After two hours of discussion, West Lake View Neighbors voted 50 to 19 to recommend to Ald. Tom Tunney (44th) the plans for a 75,000-square-foot Whole Foods Market at the northeast corner of Ashland, Lincoln and Belmont avenues.
Novak Construction and Gensler design firm partnered on the project, which is expected to be completed in spring 2017. It will replace the current West Lakeview store at 3300 N. Ashland Ave. and has a 20-year lease. It will be the city's second-largest Whole Foods.
Developers repeatedly returned to the drawing board over the course of eight months and a dozen meetings, tweaking designs after getting feedback from a vocal subset of the group, named Melrose Street Concerned Residents.
"Can you please consider helping us maintain Melrose Street as a neighborhood street? This is something the neighbors are really concerned about and want to have, and you would think Whole Foods would help support the neighbors with this," said Karen Michaels, who lives in the 1500 block of Melrose Street.
After those residents said their voices weren't being heard in May, the West Lake View Neighbors postponed its vote until developers could address the concerns. They returned in July to unveil a vegetarian restaurant that eliminated much of the opposed brick wall and a park on Melrose Street.
Still, traffic changes — specifically those caused by a parking lot entrance/exit on Melrose Street — left neighbors grumbling. The Melrose Street faction asked again for developers to consider eliminating it altogether or making Melrose Street end in a cul-de-sac to prevent a rush of traffic down the quiet street.

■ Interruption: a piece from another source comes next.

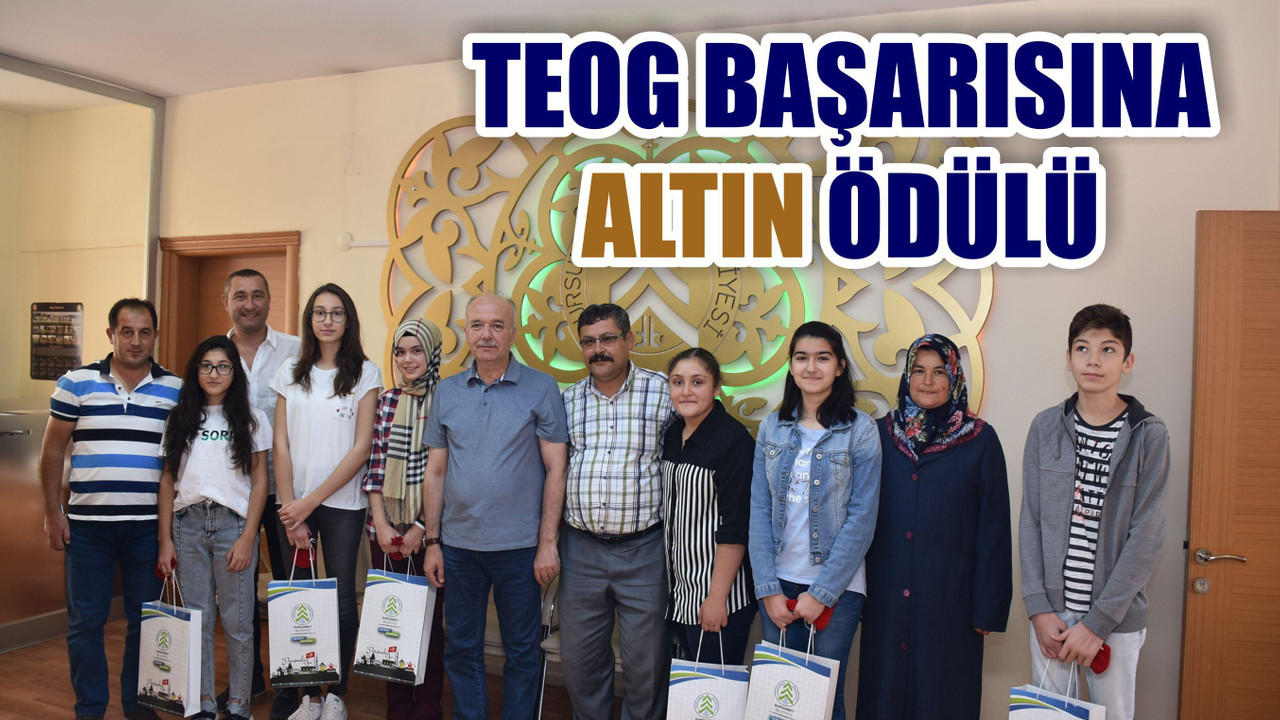 Başarılı Öğrencilere Başkan'dan Altın Hediyesi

But developer Chris Sotos told neighbors, "at some point, you need to be reasonable and fair and realize Belmont and Ashland is a commercial [intersection], and this is relatively lower-intense [traffic] use than other things.
"Everything possible has been done for traffic flow and to make the neighborhood safe. Everyone's comments have been addressed as best we can," he added.

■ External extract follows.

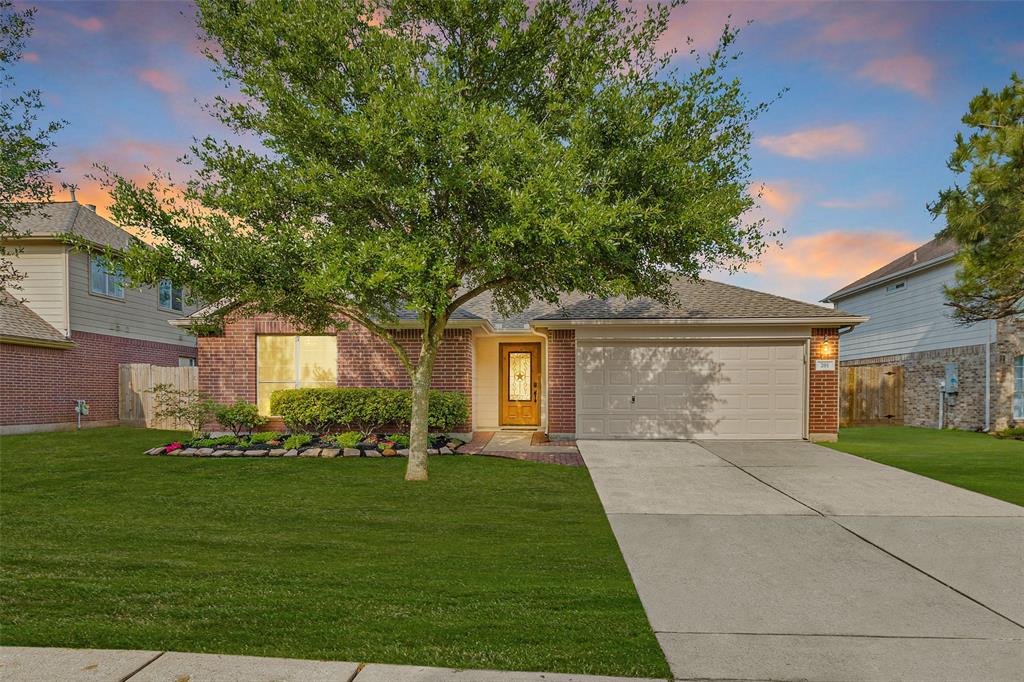 201 Cedar Lake Drive, League City, Texas image 1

The Chicago Department of Transportation approved changes to the traffic patterns on the block, agreeing to constrict Melrose Street to westbound traffic toward Ashland Avenue on the supermarket's north end. There will also be an added traffic signal at Melrose and Ashland with designated turn lanes with 100-second cycles.

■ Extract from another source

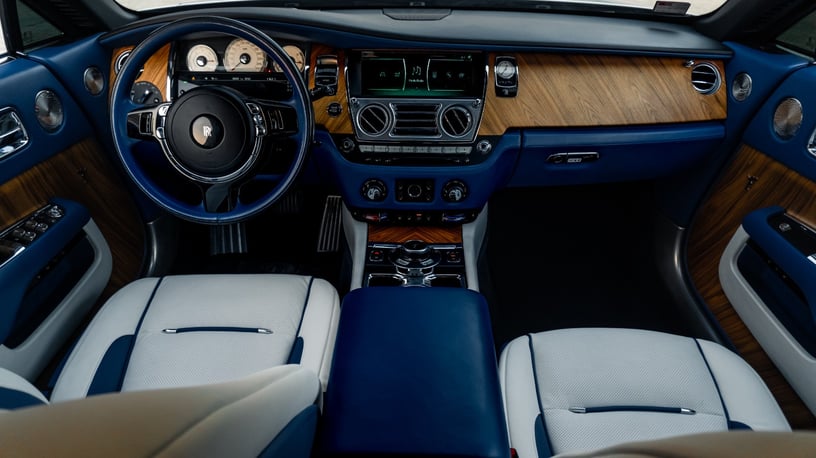Abu Dabi'de kiralık Rolls Royce Wraith (Mavi), 2019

Most of Melrose will see a decrease in traffic due to the change, although the portion from the Whole Foods exit to Ashland will have more, said traffic consultant Luay Aboona, of Kenig, Lindgren, O'Hara, Aboona, Inc.
A cul-de-sac would hinder access to Melrose Street for emergency vehicles, an unsavory option with a nearby senior living facility, some said. Developers would also have to acquire at least three private properties, Sotos said.
"Every time you take a street off the grid, there's a consequence. Traffic will just disperse to another street, which makes it someone else's problem," he said.
If the proposed solutions don't adequately alleviate traffic and parking woes, alternative measures like speed bumps or 24/7 permit parking on the street could be proposed through a petition, said Bennett Lawson, 44th Ward chief of staff.
Supporters spoke up during the meeting, including Lee Crandell, on behalf of the Lakeview Chamber of Commerce. Others said it was time for a better Whole Foods than the current store at Ashland and School.
"I want it to change. I want it to be better. I find it challenging to find a spot, and I look forward to having a Whole Foods that is more open and conducive to parking at any time," said Sarah Zelken, who lives on Roscoe Street in the neighborhood.
The issue drew about 30 new members to West Lake View Neighbors, which allows votes only from those who have paid dues within two weeks of a meeting. The group will meet again in September.